The law contains three specified exceptions. The first is the Public Interest exception. This exempts news paper, magazine, news broadcasts, some literary uses, and other news medium or publication as part of any bona fide news report or presentation having a current and legitimate public interest and where such name or likeness is not used for advertising purposes." So, no photo release is needed to include a picture of you where that picture becomes part of a news article. This concept is similar to the Copyright exception for “fair use”. This is also the exception that allows for the entire concept of paparazzi. The courts have ruled that Public Figures are entitled to less protection of the right to privacy due to the fact that their notoriety may create a genuine public interest in their activities.

Second, the law does not apply "in connection with the resale or other distribution of literary, musical or artistic productions or other articles of merchandise or property" when the person has consented to the initial use. This exception make sense when you consider situations where it may be applied. If a model agrees to be on a cd cover, I buy the cd and later pawn it, the pawn store doesn’t need a new release from to model to advertise the cd for sale in the original cd cover…common sense.

Finally, the statute does not apply to photographs of a person "solely as a member of the public" when the person is not named or otherwise identified with the use of such photograph.

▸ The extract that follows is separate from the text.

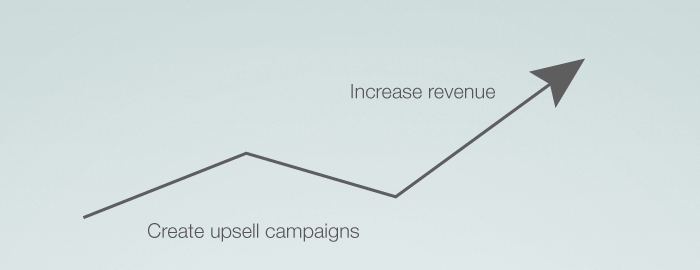 Upsell campaigns to increase revenue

Photographing the general public without their consent is not seen as an invasion of privacy, as the Court has determined that you have not have an expectation of privacy when out in public. Therefore, pictures of you dancing at a night club, posted on the club’s website does not violate your right to publicity. However, if the picture includes a caption with your name, for instance, “Wendy Jones partying with our staff”, the use of your image is not covered by the exception because it identifies you and insinuates that you endorse the night club and/or its staff. Both the identification and the insinuated endorsement violates the exception.

Florida's statutory "right of publicity" is intended to assure an individual the right to own, protect, and commercially exploit his or her name and likeness, but in order to recover damages for the violation of this right, your image or persona must have been used to promote the products or services of another without your consent. This is referred to as the Direct Promotion Requirement.

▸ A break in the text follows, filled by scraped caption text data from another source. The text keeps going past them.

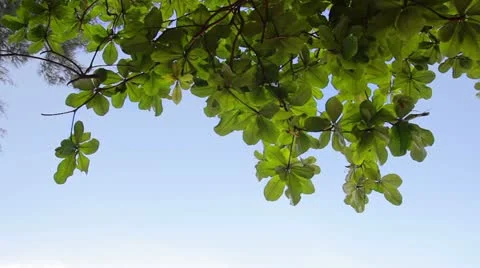 Green 6 库存影片 10890302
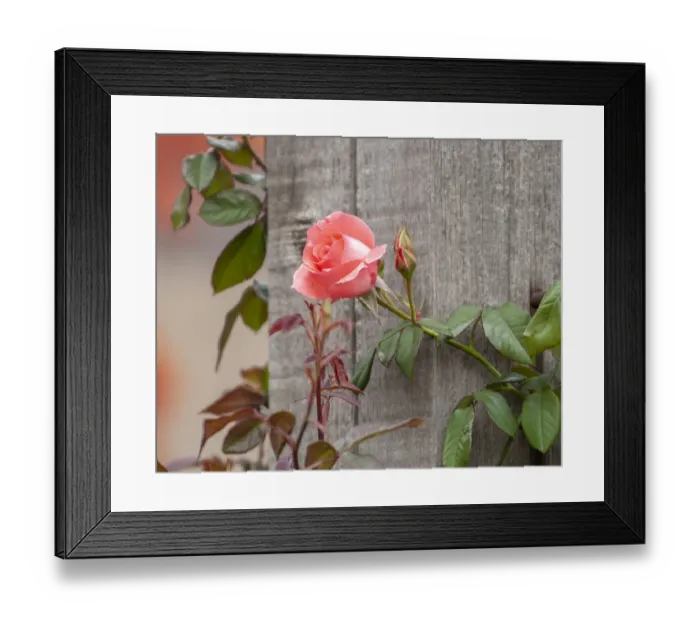 Framed Print : Pink rose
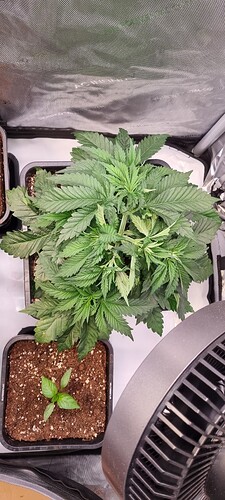 Growreport Bild 23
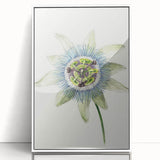 Famous Romantic Era Art: Passion Flower - Romantic Floral Canvas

However, quite often, the issue at hand is that a model has sat for photos with a photographer, perhaps posted those photos on the web to promote the photographer or the model herself, and someone “stole” the pictures and are now displaying them on their own website. As long as the photos are not being displayed in a manner that suggests that the model endorses the products or services of the offending website, there is probably no theft of publicity. The photographer, however, may have a Copyright infringement claim if he or she did not authorize the offending sight to copy his pictures. As a model, you have some control over how the photos are used, but the photographer is usually the holder of the Copyright for the photos he created, and therefore, he has control over IF the photos are use. If the photos are used without the photographer’s consent, he may have a Copyright claim regardless of whether the photos are used in a way that insinuates your endorsement of a product or service.

So, the answer to the question at hand is: If images of you are being used, without your permission, to endorse the product or services of another, your Right to Publicity has be infringed upon, and you may be able to recover damages and get injunctive relief; but if the use of your images does not imply your endorsement of specific goods or services, there will normally be no recourse for a model.